In this interview with The Worldfolio, Ghassan Yared, CEO of Forewin Group, discusses the role of the private sector in Ghana’s economic growth, how Forewin Group has managed to diversify into one of Ghana’s biggest conglomerates and their new venture with Actis, “The Exchange” project. 

Like the rest of the world, Africa remains uncertain about what is to come after global geopolitical shifts like Trump’s election in the US or Brexit in the UK. How can Africa take advantage of this new global landscape and gain investor confidence?

Let me go back more than 10 years when we started talking about emerging markets. Before the world economic crisis, everybody was putting attention on Africa and saying: ‘the future is Africa; the population of Africa; it’s going to happen in Africa.’ And people started preparing business plans, visiting aggressively, but in the back of their mind, in my opinion, the reason why they did not succeed since then is that all the international and multinational companies were coming with their ideas which they wanted to execute as learned in Europe and in the US and implement it in a market in the African continent – not understanding that this is a different environment. There is a different way to do and conduct business. And many of them turned back and went back home. When the crisis started, everybody lost interest because they had their own concerns and own worries to take care of. People kind of forgot about Africa.

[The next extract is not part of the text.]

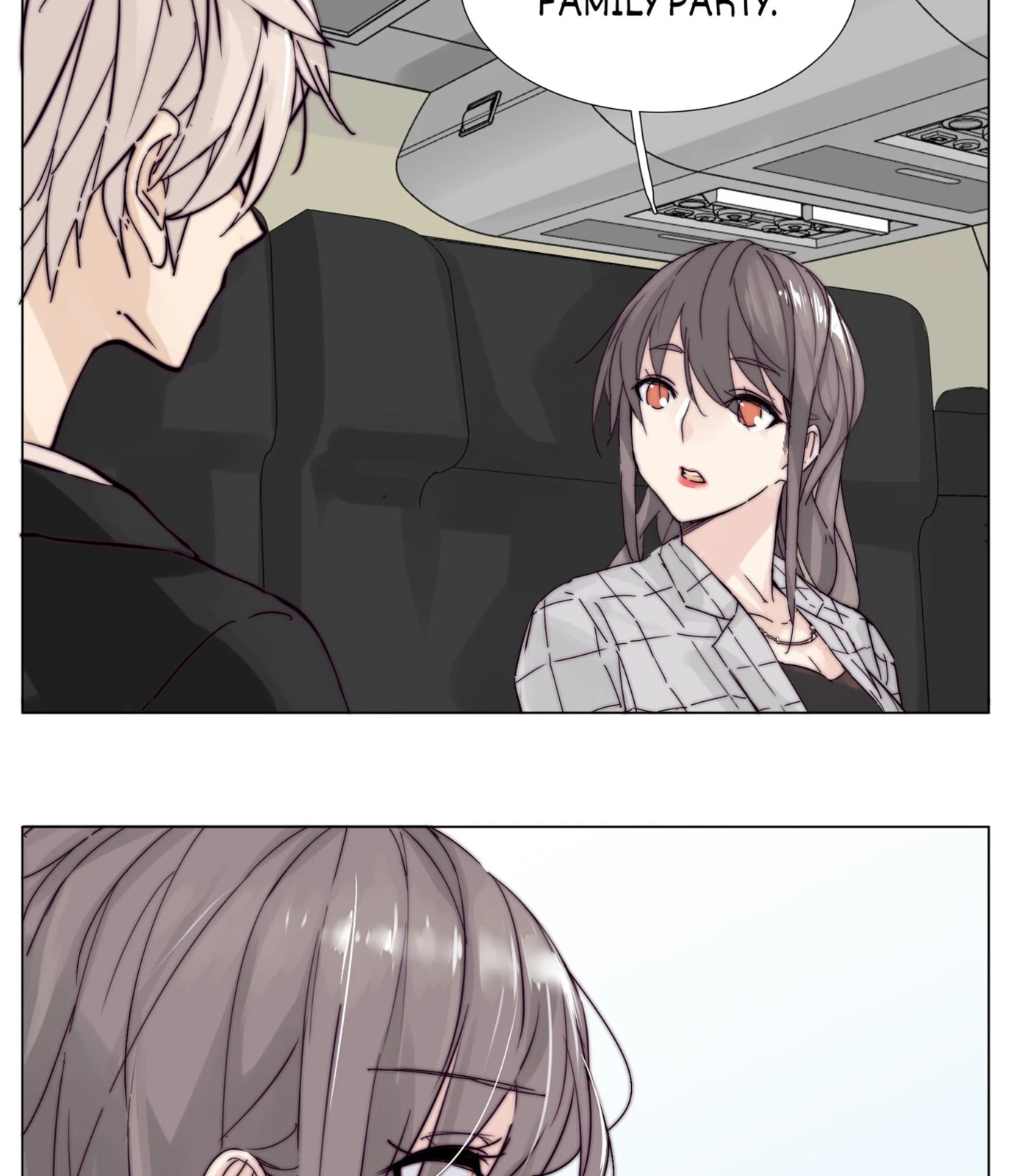 Read Shine and Sweet (Colored) chapter 71.5 image 3 on Lezhin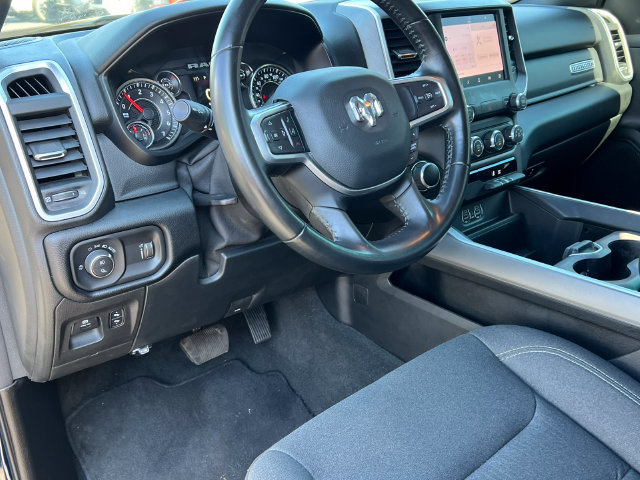 Used 2022 RAM 1500 Big Horn RWD image 20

Now things are changing again. Economies are getting better, multinationals want to go more multinational, there are mergers and acquisitions, and everybody wants to be part of the big cake; and the big cake is now Africa.

I think that Africa is a good option for the US to replace China in the short, medium, and long-term. Don't forget that China’s economy is booming but most of their raw material is coming from Africa. So, If Trump’s relationship today with China and the Far East is not as it should be, in my opinion, African leaders should take advantage of this to get together and make their environment attractive enough to countries like the US.

With Brexit, the UK wants to improve their bilateral relations and trade relations with Africa because they need something to replace Europe and tomorrow maybe another country will emerge; and South Africa will want to expand; and North America will want to expand. So where do they expand? They look for a similar environment; similar weather and then they can find it here. For example, I know Peru and Ghana have a lot of similarities: similar environment, weather, and opportunities of growth in agriculture, mining and energy.

So, having said that, if you put everything together, there is a great opportunity for Africa as a continent. Now, do our leaders see this as an opportunity? And what are they doing to capture this opportunity or to create an environment to bring those investors and make them feel comfortable in the medium and long-term?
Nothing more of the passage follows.